Martin Slumbers, the R&A’s chief executive, said on Wednesday the course was “absolutely world class.”
“But we need a lot of land,” he quickly added. “We need a lot of infrastructure. We need a lot of facilities for a championship of this size. At the moment it’s just not possible in that part of the country.”
Founded in 1891, Royal Porthcawl has an enclosed footprint with relatively little space to erect gates, grandstands, premium seats, scoring tents and all the other temporary facilities required for a major. This year’s Open was expected to attract 260,000 spectators, a performance second only to the 290,000 fans who packed the Old Course at St. Andrews last year. The last time the British Open reported attendances below 150,000 was a decade ago, at Muirfield.
When Langer last played a Senior Open at Royal Porthcawl in 2017, the tournament drew around 32,000, although bad weather dogged the event.
Although the course is about a 45-minute drive from Cardiff, the Welsh capital, the area around the club has few of the restaurants, hotels and transit links that make the Open the smoothest event in international sport. During this Royal Liverpool tournament, many restaurants and rental properties in Hoylake have hosted legions of visitors. More and more have made the short journey to and from Liverpool, a city of around half a million people, who often use a train service that runs every 10 minutes.
Langer, who had no doubt that Royal Porthcawl could prove a suitable Open host from a golfing perspective, seemed far more reluctant to say it could handle the other challenges of a tournament he played 31 times.

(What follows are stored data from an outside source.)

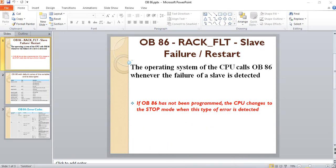Hello again. I came with another video about organization blocks used for troubleshooting. We will see on this video OB86.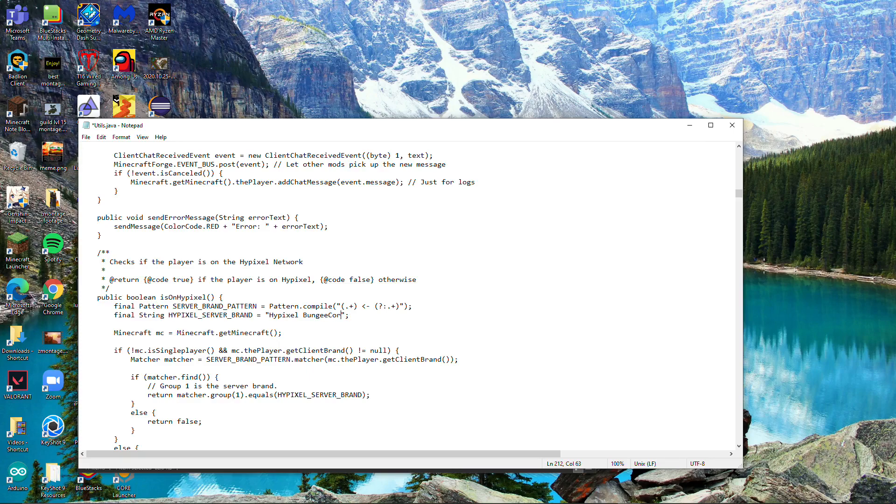Then you want to go down here. It says 'return matcher group one dot equals' - this is also going to be a problem.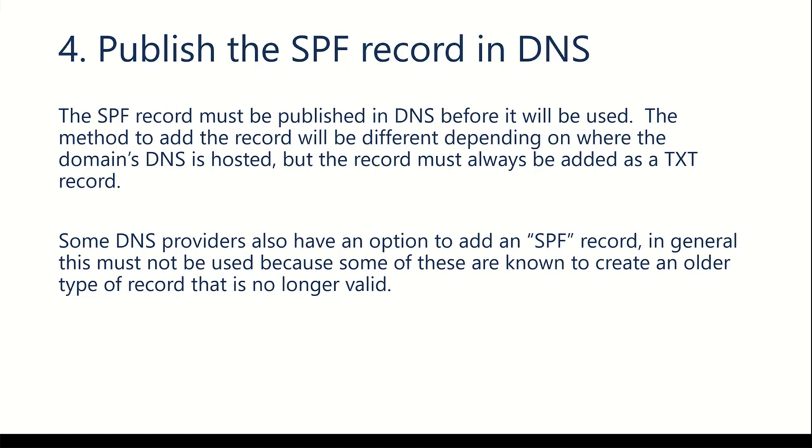In order to publish the record in DNS, we would need to have access to DNS for our domain. And that will depend where your domain is registered. It may depend where your name servers are hosted.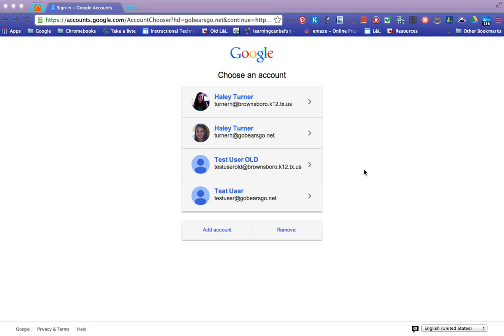In this video I'm going to show you how to get all of the files and stuff that you have in your old Brownsboro K12 TXUS Google Drive account with that email address moved over to your new GoBearsGo account.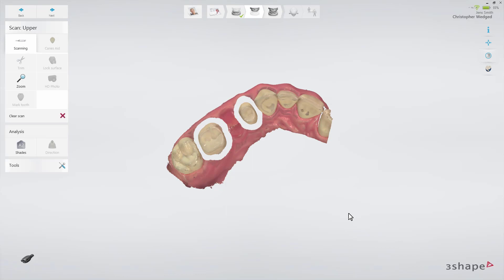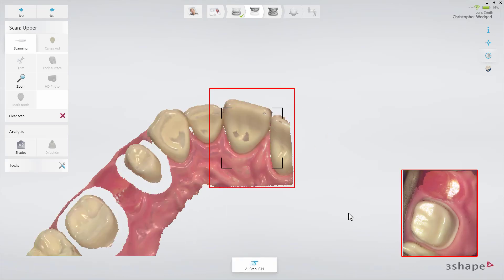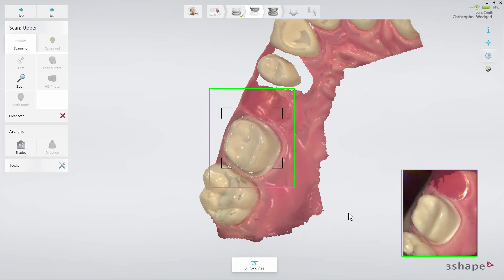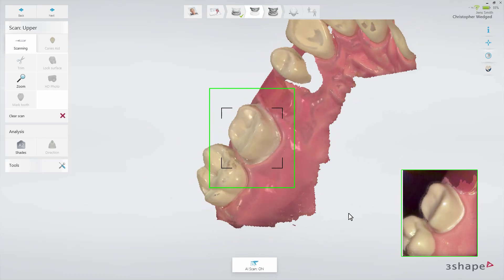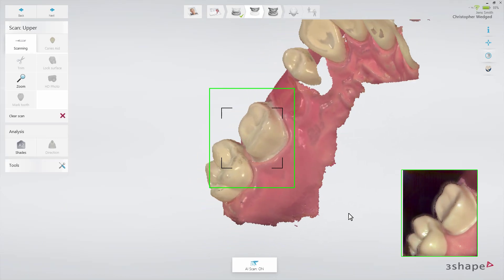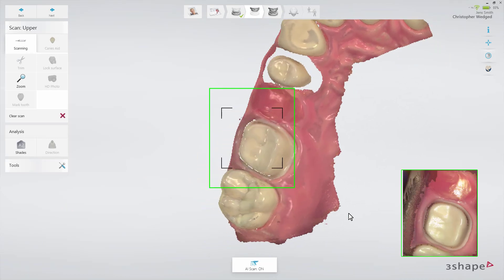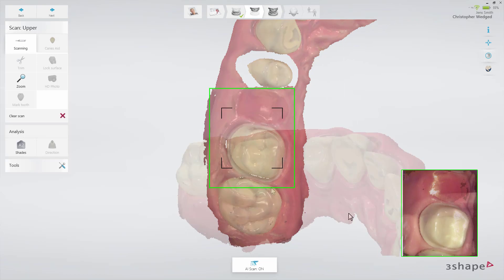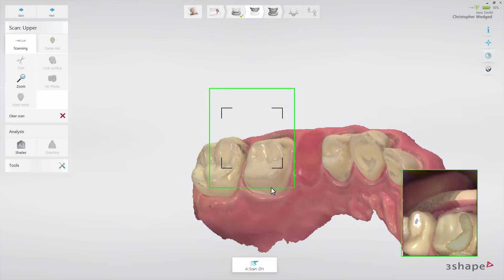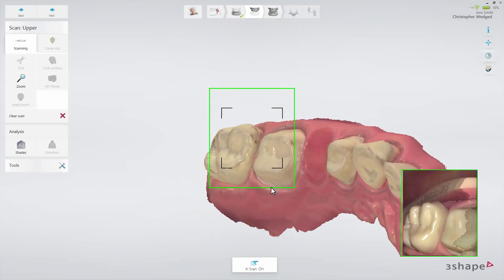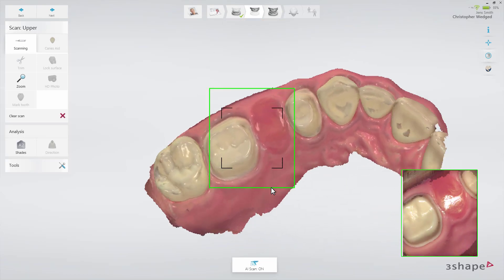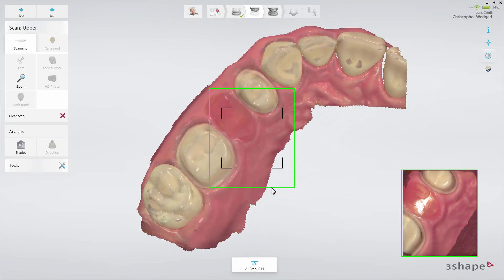Remove the retracted cord, dry the teeth, and scan the margin immediately, before the gingiva collapses. No matter which method you prefer, make sure that you cover the prepped area entirely, including the margin line and contact points.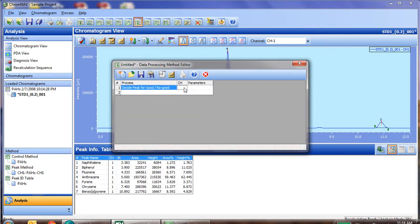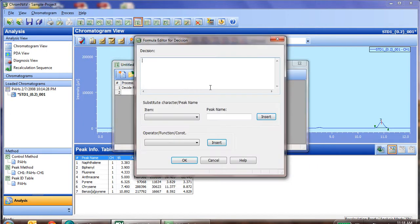We then select our channel, which in this case we're using channel 1, and then in parameters we click the dot dot dot, and now we build our custom formula for this decision of whether the system is acceptable or not.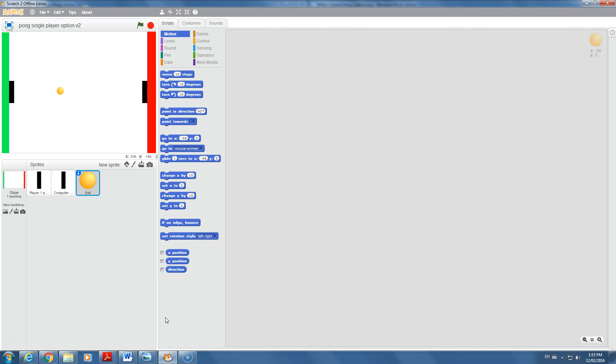Welcome to Pong part two. To recap, in part one we set up the paddles, the ball, and the end zones of red and green for scoring. Now we need to get the ball moving and keep track of score, so those are going to be the focuses for part two of this tutorial.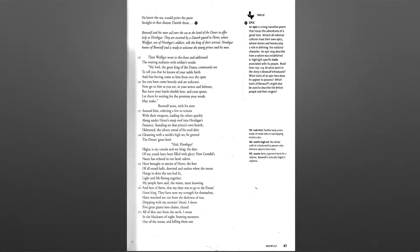He knew the sea would point the prow straight to that distant Danish shore. Beowulf and his men sail over the sea to the land of the Danes to offer help to Hrothgar.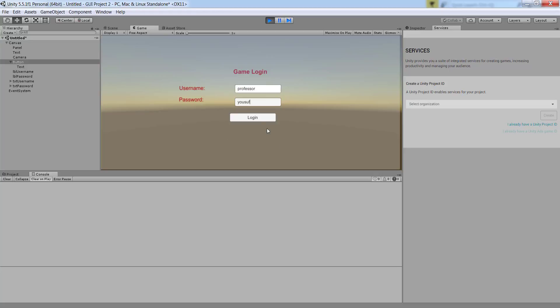I'll enter 'professor' as the username and 'Yusuf' as the password, then click Login. As soon as I do that, the text changes to 'logging in', the field is disabled, and right here in the console you get exactly the same output — the username and password I entered are displayed. This is how you can read any value from an input field into a variable.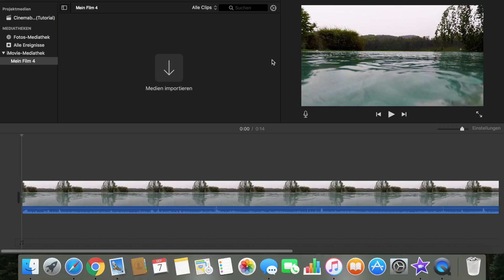This is actually my first video, so let's get into it. I will show you today how it works to make cinema bars on iMovie.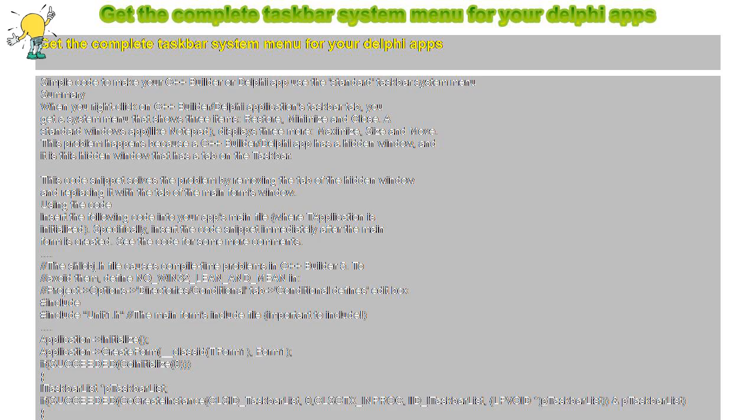#include <shlobj.h> #include "Unit1.h" //The main form's include file (important to include!) Application->Initialize(); Application->CreateForm(__classid(TForm1), &Form1);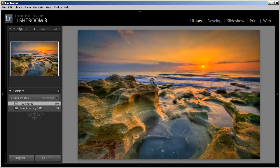Hey everybody, Captain Kimo here and I'm going to show you how to use Adobe Lightroom to create watermarks on your photos.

“It is difficult,” he said, “to build new roads and highways and 100 hotels and make room for a tent village and 50,000 spectators.”
Welsh leaders have signaled a willingness to pursue public investment in exchange for the Open going to Royal Porthcawl, and some Royal Porthcawl members have sought to buy nearby farmland that, if vacated, could make an Open far more feasible. But their years of effort have yet to produce the kind of breakthrough that could overcome the R&A’s misgivings.
However, the rise of Northern Ireland’s Royal Portrush has given Welsh officials something of a strategy, or at least a dose of confidence, ultimately misplaced or not.
Skates predicted the R&A could bow out within a decade.
Then he wandered off to find his brother, Wales, rising in the distance.